Data extract:
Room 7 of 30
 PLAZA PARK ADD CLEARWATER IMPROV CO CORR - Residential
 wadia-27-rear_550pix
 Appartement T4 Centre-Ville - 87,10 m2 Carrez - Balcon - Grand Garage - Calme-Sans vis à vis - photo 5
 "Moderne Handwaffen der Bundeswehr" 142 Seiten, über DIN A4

Task goal:
Print every line of the listing shown above, exactly.

Finished task:
Room 7 of 30
 PLAZA PARK ADD CLEARWATER IMPROV CO CORR - Residential
 wadia-27-rear_550pix
 Appartement T4 Centre-Ville - 87,10 m2 Carrez - Balcon - Grand Garage - Calme-Sans vis à vis - photo 5
 "Moderne Handwaffen der Bundeswehr" 142 Seiten, über DIN A4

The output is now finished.